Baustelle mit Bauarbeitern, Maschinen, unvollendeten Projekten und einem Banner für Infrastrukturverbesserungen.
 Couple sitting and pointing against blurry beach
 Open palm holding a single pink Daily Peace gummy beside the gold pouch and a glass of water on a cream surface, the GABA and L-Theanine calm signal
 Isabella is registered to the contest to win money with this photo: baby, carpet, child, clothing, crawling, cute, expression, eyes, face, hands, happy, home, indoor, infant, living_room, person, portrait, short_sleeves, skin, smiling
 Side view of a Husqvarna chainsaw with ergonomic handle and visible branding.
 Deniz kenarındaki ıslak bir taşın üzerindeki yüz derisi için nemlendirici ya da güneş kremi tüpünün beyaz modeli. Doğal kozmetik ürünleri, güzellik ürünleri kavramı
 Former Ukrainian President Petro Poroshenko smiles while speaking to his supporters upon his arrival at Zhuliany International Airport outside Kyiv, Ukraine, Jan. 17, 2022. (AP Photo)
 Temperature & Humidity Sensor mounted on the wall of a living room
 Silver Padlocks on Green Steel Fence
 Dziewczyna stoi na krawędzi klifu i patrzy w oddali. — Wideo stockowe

_ _ _ _ _ _ _

To do :: The answer must be a single number: how many lines in the data above contain the string "with".

Response for this exercise :: 2